Çözüm süreci hayırlısı ile bitebilecek mi?
PKK gibi uzun tarihi olan bir terör örgütü ile iç içe geçmiş Kürt sorununun çözümüne dönük her hamlenin birçok sorun ile karşılaşması mukadder. Oslo sürecini akamete uğratan örgütün görüşmeyi kaydetmesi ve bunun iki örgüt FETÖ ve PKK tarafından servis edilmesiydi.
Çözüm süreci ise katmanlı birçok sebep olmakla birlikte Arap Baharı’nın tetiklediği ortamda PKK’nın Suriye için Türkiye’den vazgeçmesi ile nihayetlendi. Türkiye’de parti içindeki iktidar kavgası ve başta FETÖ olmak üzere devleti içi engeller de kaçınılmaz sonu erkene çekti.

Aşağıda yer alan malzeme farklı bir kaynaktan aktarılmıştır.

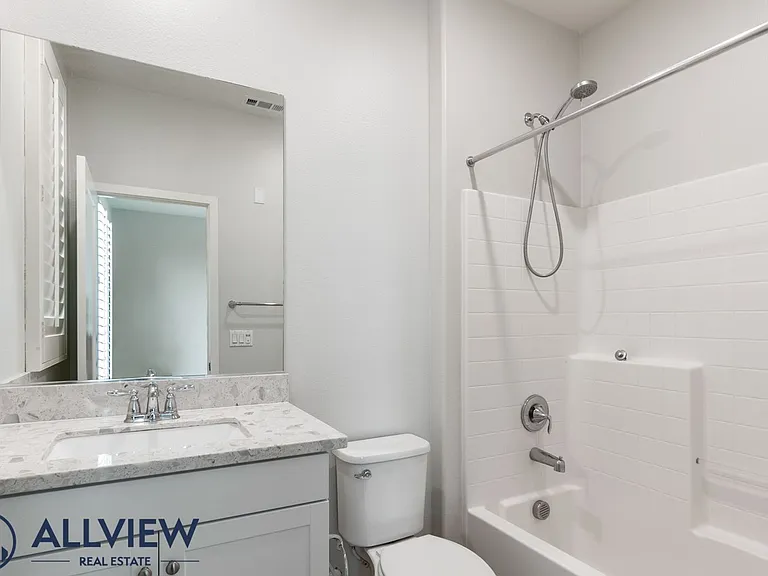 1531 E Lincoln Ave — Photo 26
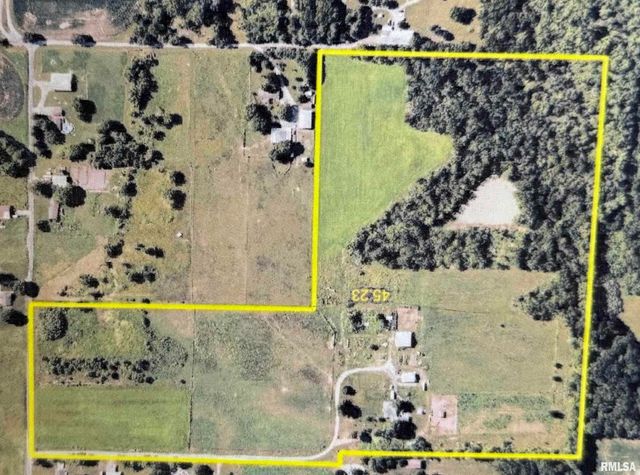 1225 Stanton Airport Road, Riverton, IL 62561
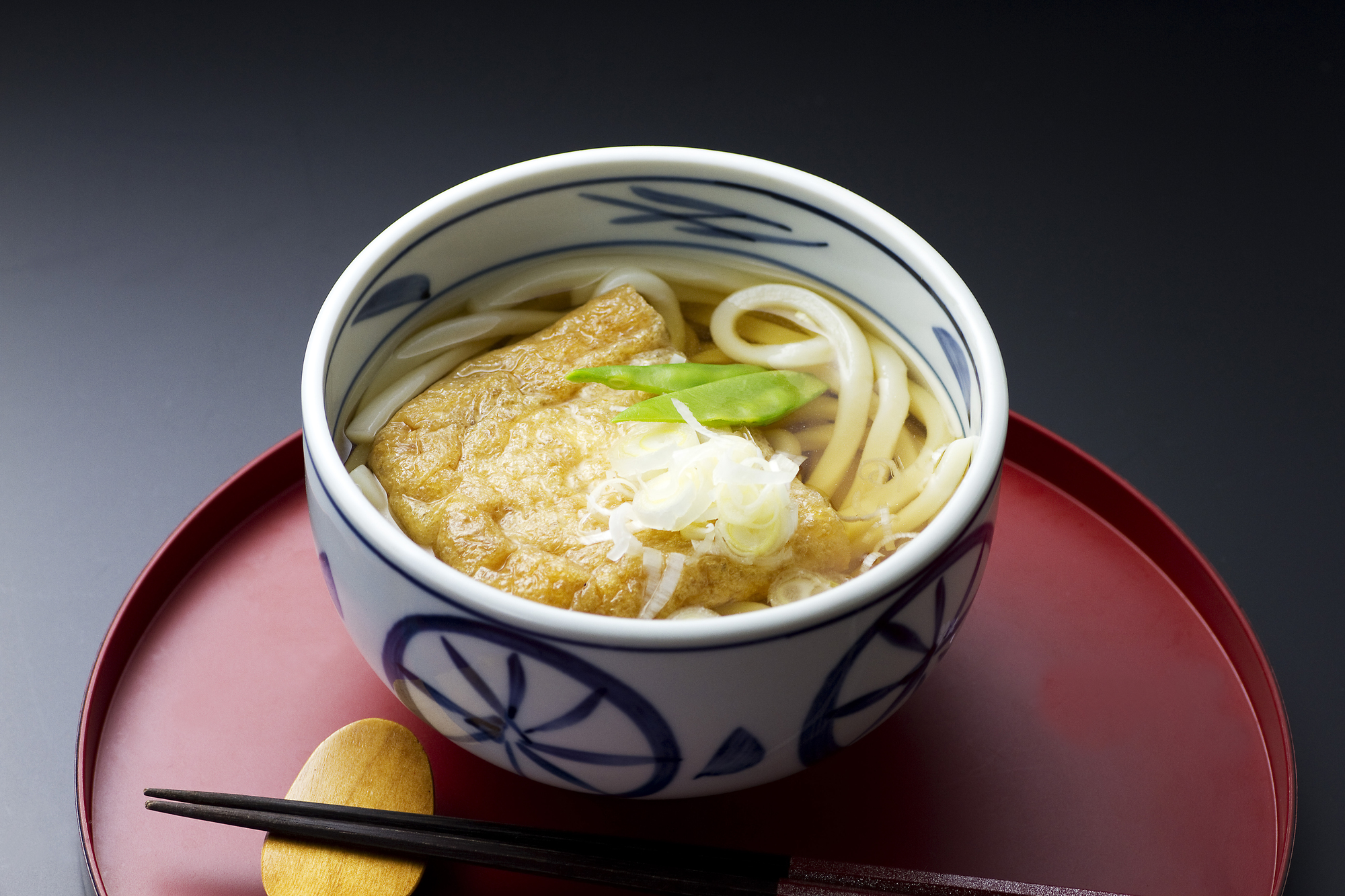 粉物の街・大阪では美味しいうどん屋も数多くあります。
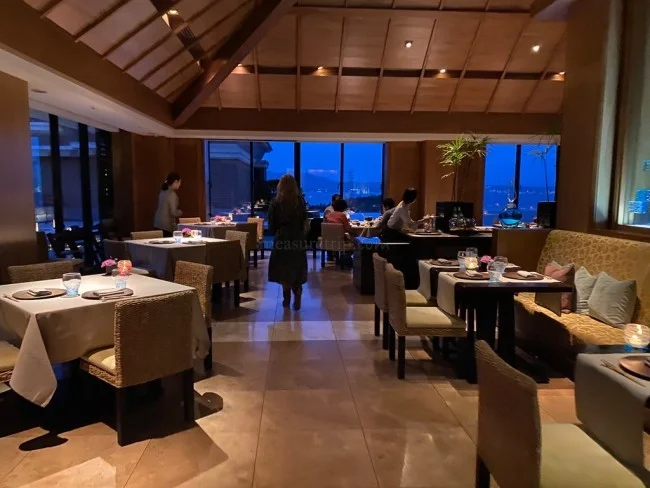 [新型コロナもう大変！冬のリッツカールトン沖縄旅行記22] 張り切って「泡盛古酒ロックで！」って頼んじゃったけど・・・少し後悔してる（笑）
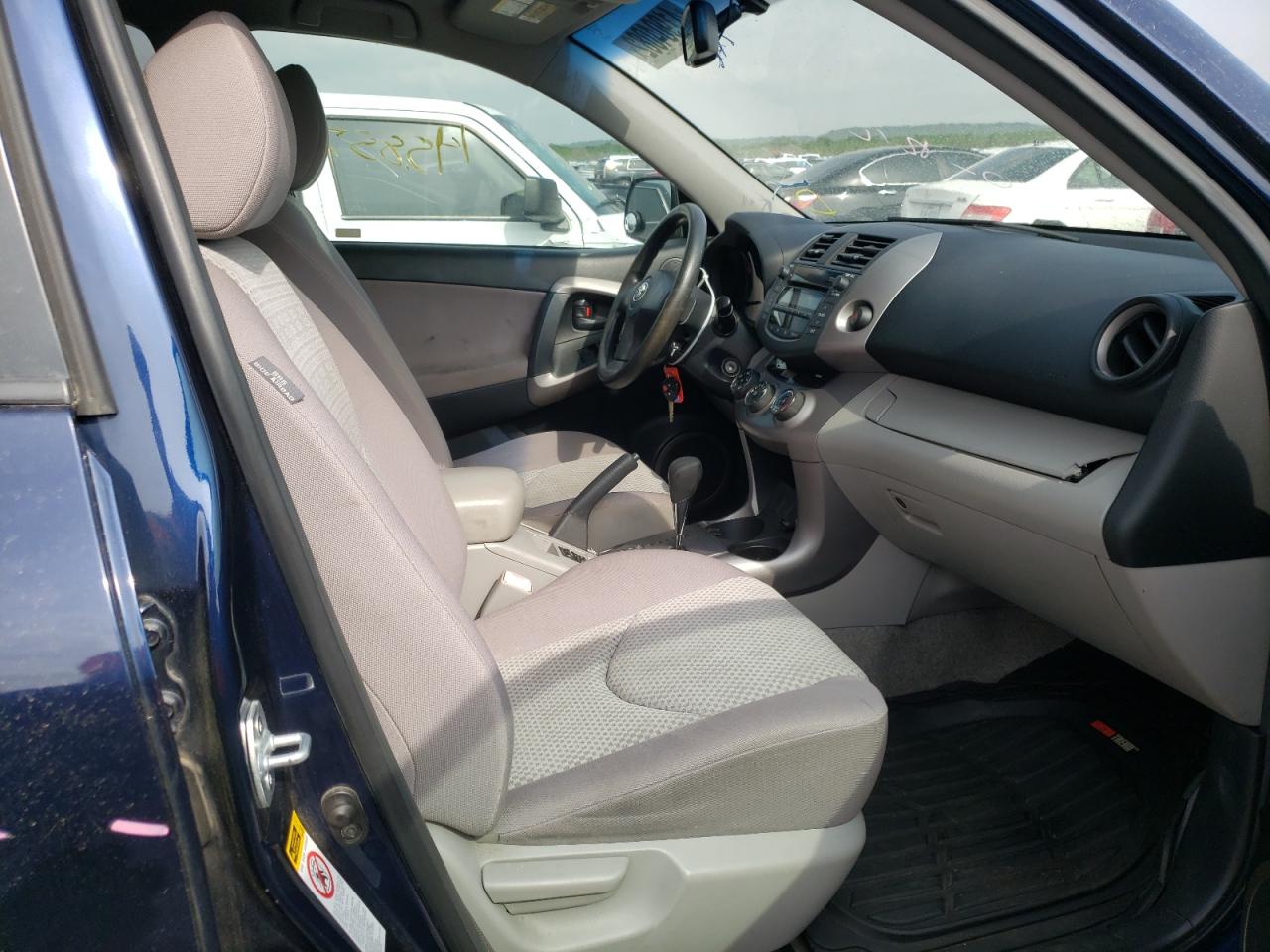 Photo 5 from auction – 2007 TOYOTA RAV4 with VIN JTMZD33V475077603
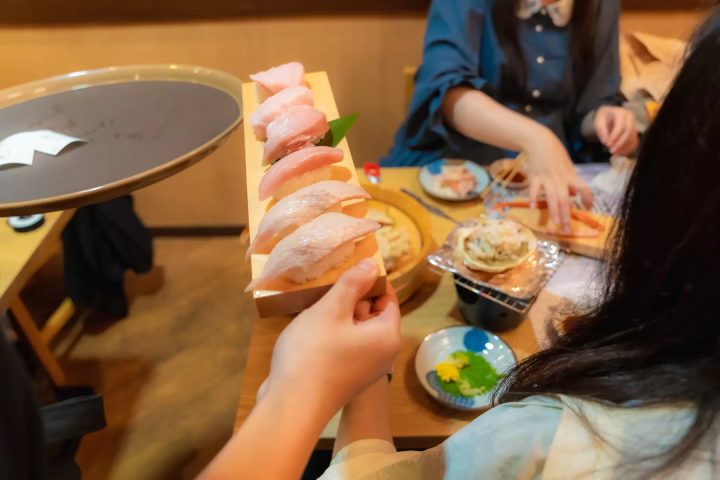 日本旅行で外せない！東京・大阪の豪華寿司＆カニ食べ放題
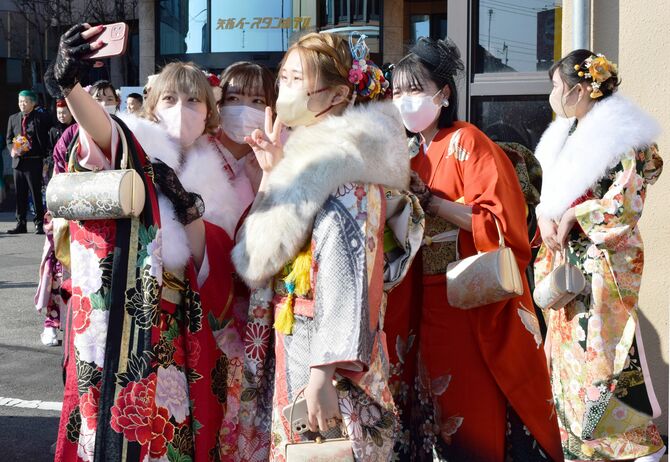 旧友との再会を喜ぶ出席者たち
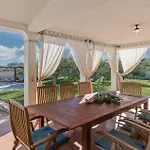 Four-bedroom With Sea View In Krnica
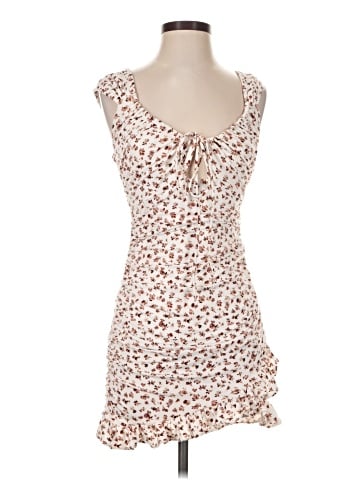 Urban Outfitters Casual Dress (view 1)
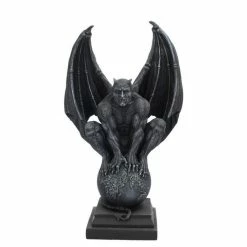 Decoration (figurine) Grasp Of Darkness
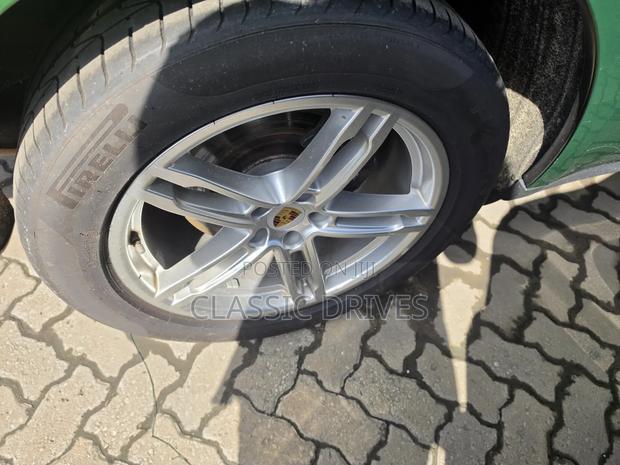 Porsche Macan 2019 Green
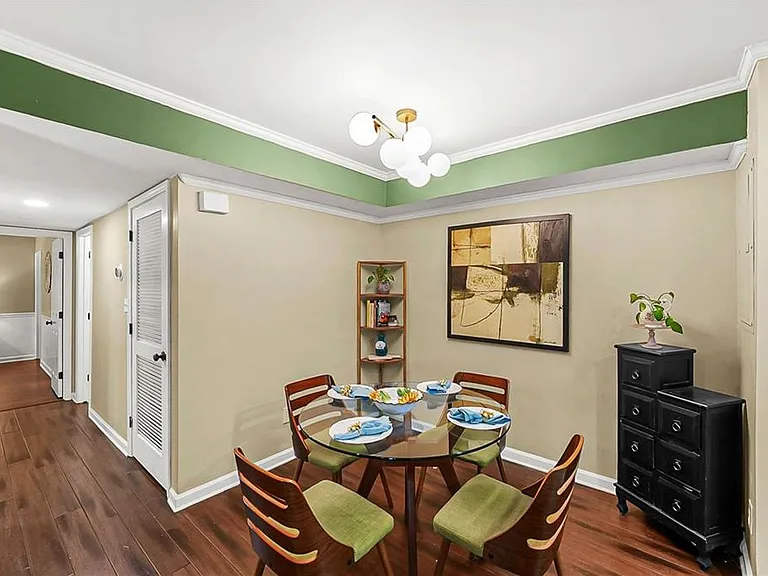 404 McGill Pl NE — Photo 8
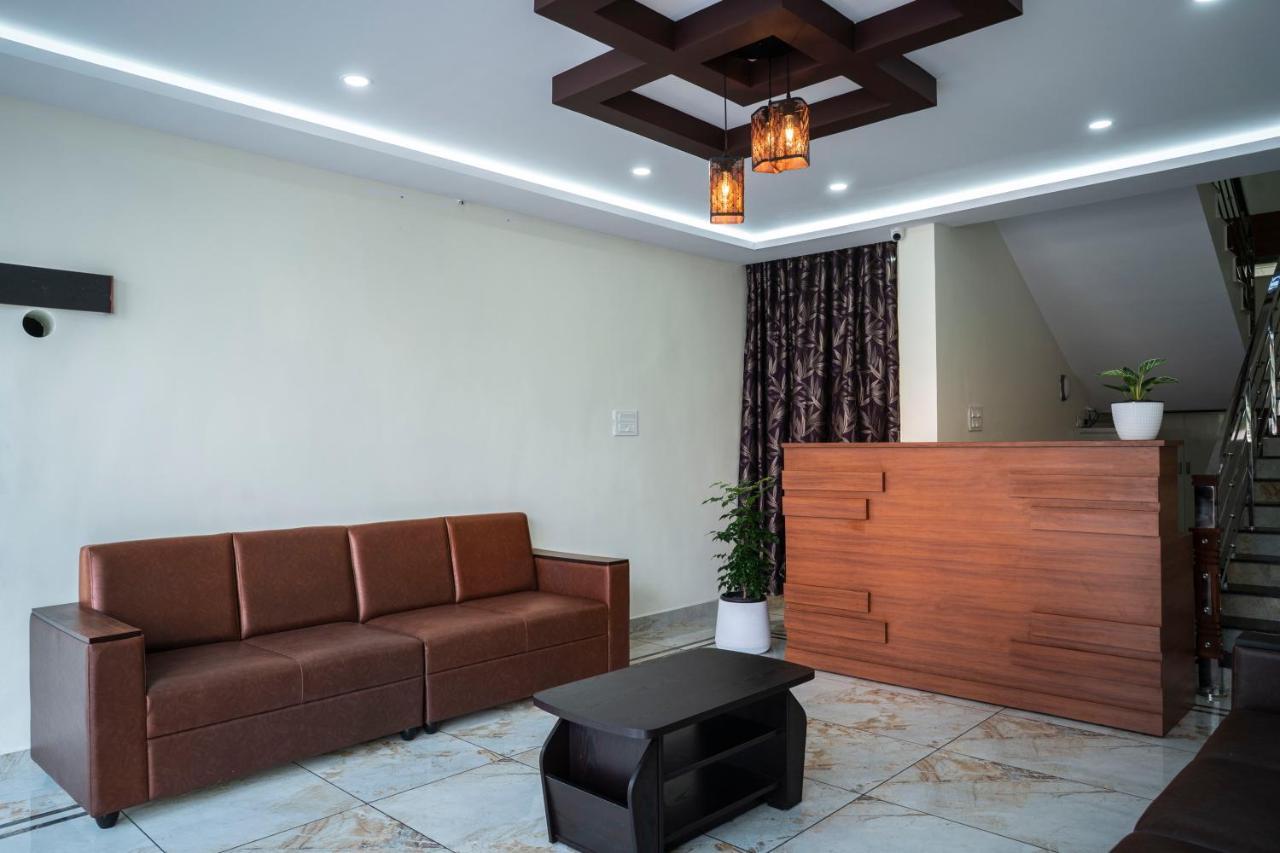 Hotel Aldora Airport Residency Nedumbassery Exterior foto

1 Ekim’de Bahçeli’nin başlattığı süreçte üç temel kırılma yaşandı. 8 Aralık’ta Suriye’de Beşşar Esad’ın devrilmesi ile “Türkiye’de PKK silah bıraksın ama PYD ne olacak?” sorusuna büyük oranda cevap bulundu. Demografik süreklilik, Suriye’nin üçte birini kontrol edebilecek nüfus ve Suriye’deki tüm Kürtleri temsil edecek demokratik meşruiyetten yoksun PYD’nin İran ve Rusya’nın jeopolitik desteğinin çekilmesi, Şam’daki Esad zemininden mahrum kalması ile bir karar vermesi gerekiyordu.
Rojava illüzyonunun daha gerçekçi bir zemine oturması ile o güne kadar Türkiye’deki süreçler için risk olabilecek bir faktör PKK’nın silah bırakmasını daha mümkün hale getirdi.
27 Şubat’ta Abdullah Öcalan’ın “…devlet ve toplumla bütünleşme için kongrenizi toplayın ve karar alın; tüm gruplar silah bırakmalı ve PKK kendini feshetmelidir.” çağrısı ikinci dönüm noktası oldu. Örgütten ve parti yönetiminden gelen bazı çelişkili açıklamalara rağmen çağrının ağırlığı yerinde duruyor.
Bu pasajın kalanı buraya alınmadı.